What to work on
Your job is to print, exactly, the lines in the data below from the line with "Защита бампера Кенгурятник" through the line with "Ferienhaus Teichblick und", both included, and to omit any picture.
BEGIN Supplied material
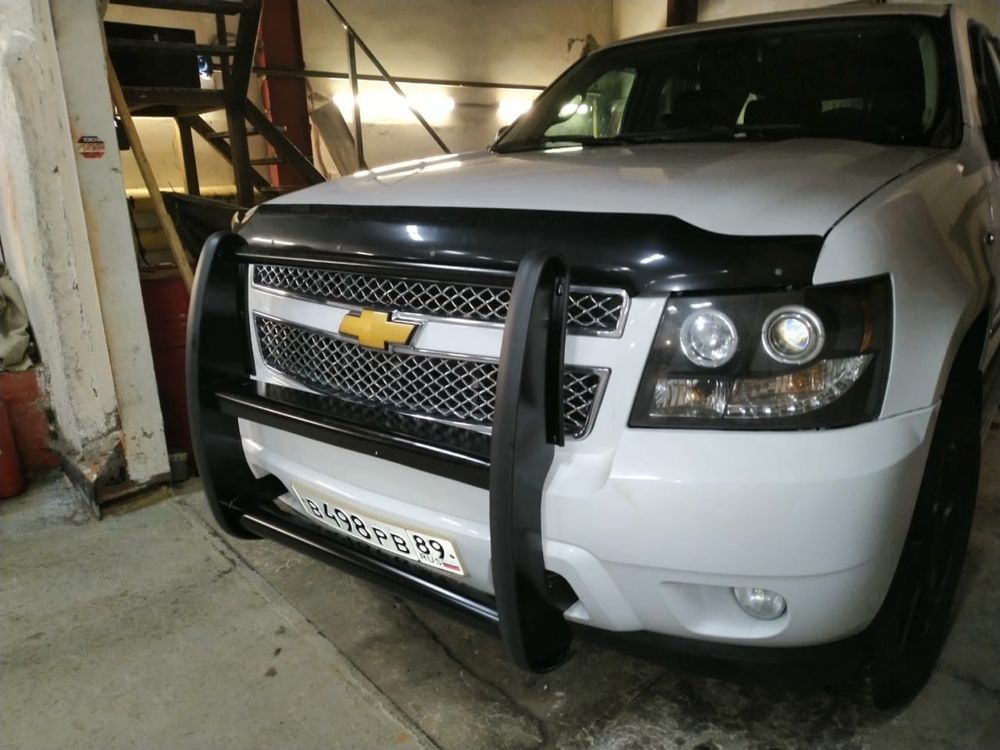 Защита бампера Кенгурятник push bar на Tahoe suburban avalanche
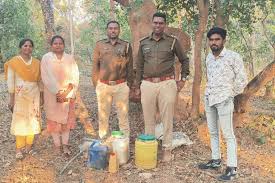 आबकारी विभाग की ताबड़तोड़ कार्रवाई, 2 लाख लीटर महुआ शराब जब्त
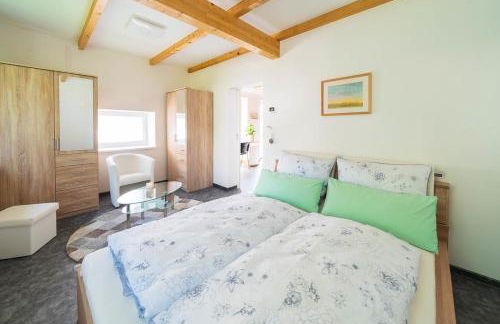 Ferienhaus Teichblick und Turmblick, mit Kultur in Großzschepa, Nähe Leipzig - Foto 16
END Supplied material
BEGIN Supplied material
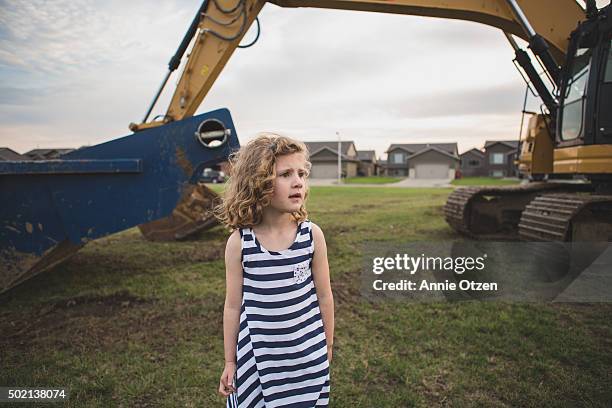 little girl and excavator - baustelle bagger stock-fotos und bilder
END Supplied material
Exercise output
 Защита бампера Кенгурятник push bar на Tahoe suburban avalanche
 आबकारी विभाग की ताबड़तोड़ कार्रवाई, 2 लाख लीटर महुआ शराब जब्त
 Ferienhaus Teichblick und Turmblick, mit Kultur in Großzschepa, Nähe Leipzig - Foto 16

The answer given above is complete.